11.2 Indemnification.
(a) Except to the extent that Material Misconduct on the part of an
Indemnified Person shall have given rise to the matter at issue, the Company shall indemnify and
hold such Indemnified Person harmless from and against any loss, expense, damage, or injury
suffered or sustained by such Indemnified Person by reason of any actual or threatened claim,
demand, or Proceeding (civil, criminal, administrative or investigative) (a “Claim”) in which
such Indemnified Person may be involved, as a party or otherwise, by reason of its actual or
alleged management of, or involvement in, the affairs of the Company; provided, however, that
any indemnification under this Section 11.2 shall be provided out of, and to the extent of,
Company assets only, and no other Person shall have any personal liability on account thereof.
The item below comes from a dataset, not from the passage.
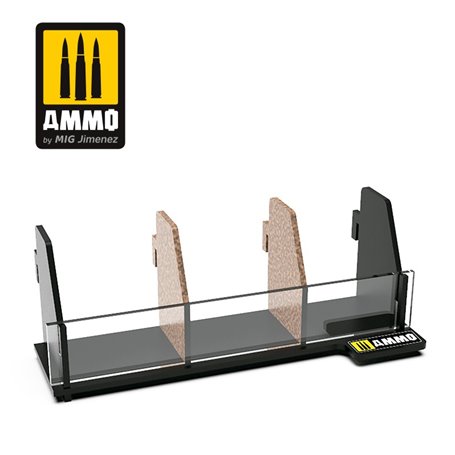 Ammo of MIG 8882 MODULAR LARGE SHELF + DIVIDER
This indemnification shall include, but shall not be limited to (i) payments as incurred or
reasonable attorneys’ fees and other out-of-pocket expenses incurred in investigating or settling
any claim or threatened action, or incurred in preparing for, or conducting a defense pursuant to,
any Proceeding up to and including a final non-appealable adjudication; (ii) payment of fines,
damages or similar amounts required to be paid by an Indemnified Person; and (iii) removal of
liens affecting the property of an Indemnified Person.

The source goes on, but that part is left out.